Supreme Court Seal
South Carolina
JUDICIAL DEPARTMENT
Site Map | Feedback
2010-UP-239 - Barron v. State

THIS OPINION HAS NO PRECEDENTIAL VALUE. IT SHOULD NOT BE CITED OR RELIED ON AS PRECEDENT IN ANY PROCEEDING EXCEPT AS PROVIDED BY RULE 268(d)(2), SCACR.

THE STATE OF SOUTH CAROLINA
In The Court of Appeals

Lawrence Barron, Appellant,

v.

State of South Carolina, Respondent.


Appeal From Charleston County
Daniel F. Pieper, Circuit Court Judge


Unpublished Opinion No.  2010-UP-239
Submitted April 1, 2010 – Filed April 14, 2010


Affirmed


Lawrence Barron, pro se, for Appellant.

Attorney General Henry Dargan McMaster, Chief Deputy Attorney General John W. McIntosh, Assistant Deputy Attorney General Salley W. Elliott, and Assistant Attorney General Colleen E. Dixon, all of Columbia, for Respondent.

PER CURIAM: Lawrence Barron appeals the post-conviction relief (PCR) court's dismissal of his petition for a writ of habeas corpus, arguing a writ of habeas corpus is not subject to the procedural requirements of a PCR application.  We affirm[1] pursuant to Rule 220(b)(1), SCACR, and the following authority: Keeler v.

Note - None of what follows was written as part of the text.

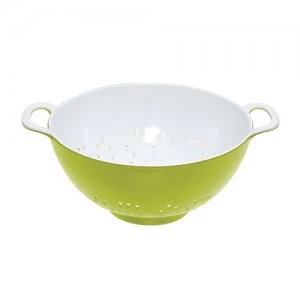 Image of Tala Kitchen Craft 15cm Melamine Colander Green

Mauney, 330 S.C. 568, 571, 500 S.E.2d 123, 124 (Ct. App. 1998) ("A person is procedurally barred from petitioning the circuit court for a writ of habeas corpus where the matter alleged is one which could have been raised in a PCR application.").

Affirmed.

HUFF, THOMAS, and KONDUROS, JJ., concur. 


[1] We decide this case without oral argument pursuant to Rule 215, SCACR.